Task goal ->
Transcribe the entries below word for word, beginning at the line with "popsocket magnetic wallet" and stopping after the line with "Kawaii🧸🌸//unboxing//food//tik toks#3"; drop all pictures.

Dataset entries ->
# # #
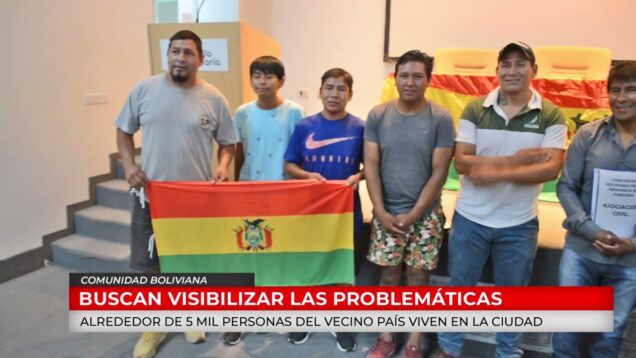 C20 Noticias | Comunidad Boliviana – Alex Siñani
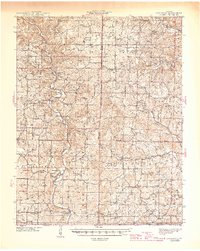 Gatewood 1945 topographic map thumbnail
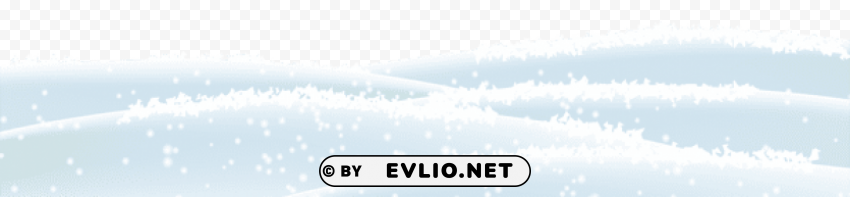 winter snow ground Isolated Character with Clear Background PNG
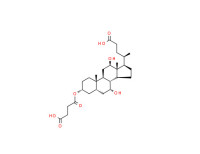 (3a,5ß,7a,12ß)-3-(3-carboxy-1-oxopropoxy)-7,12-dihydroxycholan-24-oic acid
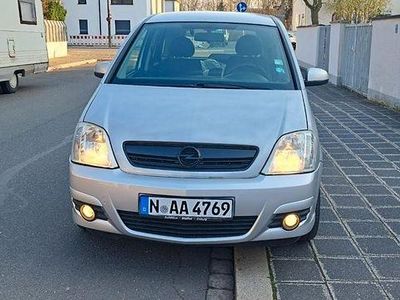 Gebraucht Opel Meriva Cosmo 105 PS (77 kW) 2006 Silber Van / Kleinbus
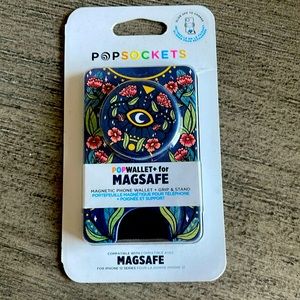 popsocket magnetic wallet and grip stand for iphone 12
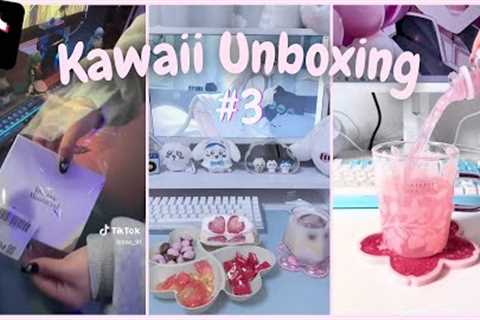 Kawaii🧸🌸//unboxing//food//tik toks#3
# # #
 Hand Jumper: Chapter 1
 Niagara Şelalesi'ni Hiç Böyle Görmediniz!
# # #
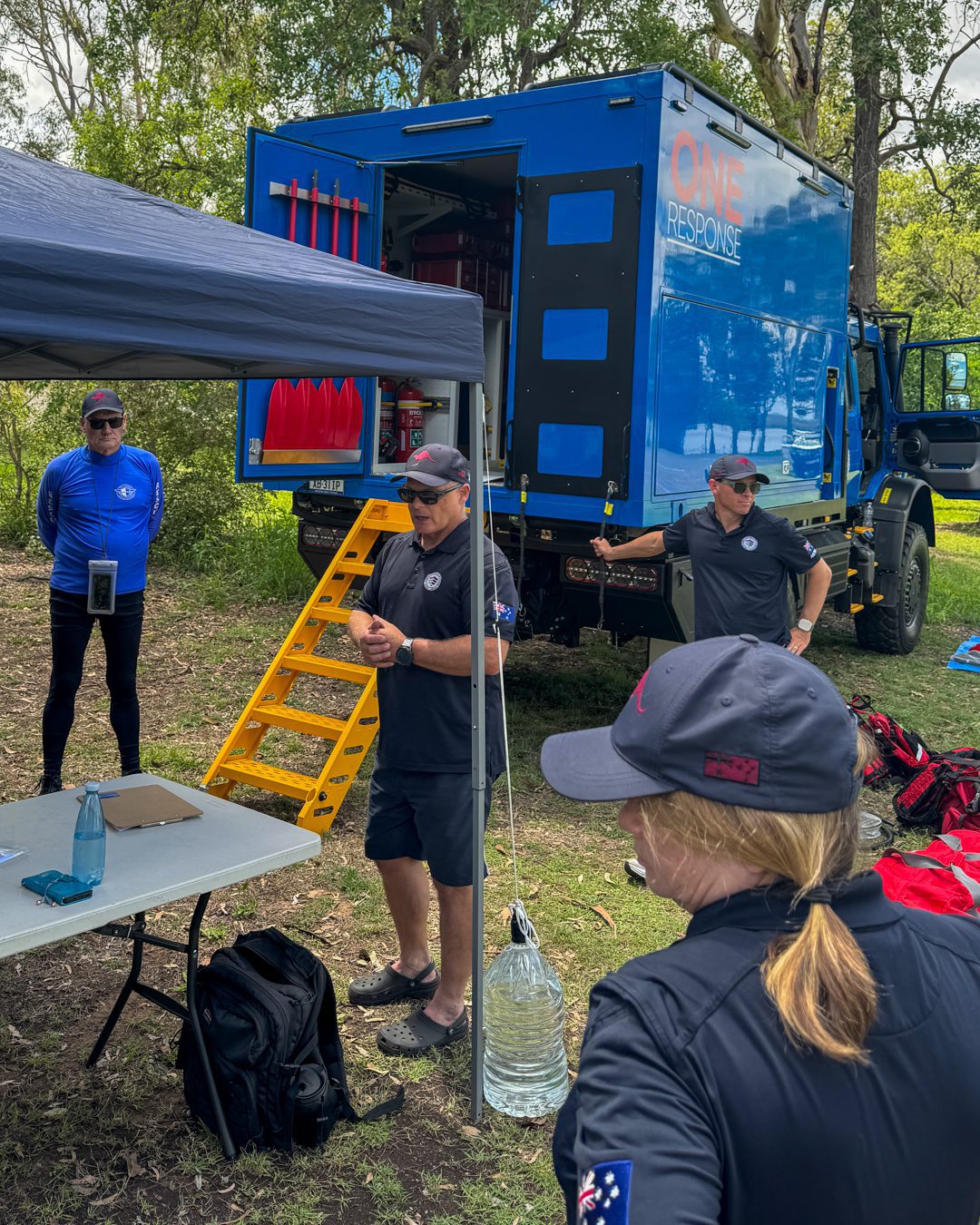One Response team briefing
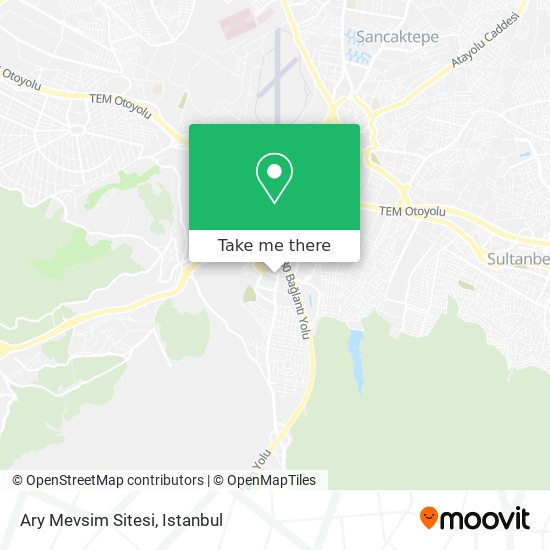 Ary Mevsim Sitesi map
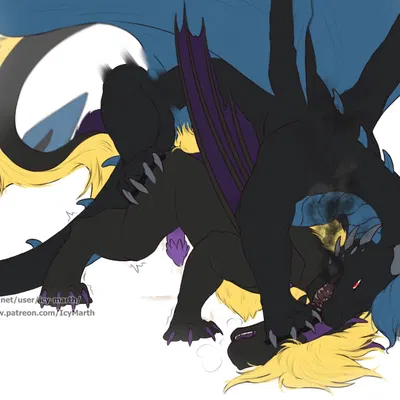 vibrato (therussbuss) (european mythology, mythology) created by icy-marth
# # #
Your response ->
 popsocket magnetic wallet and grip stand for iphone 12
 Kawaii🧸🌸//unboxing//food//tik toks#3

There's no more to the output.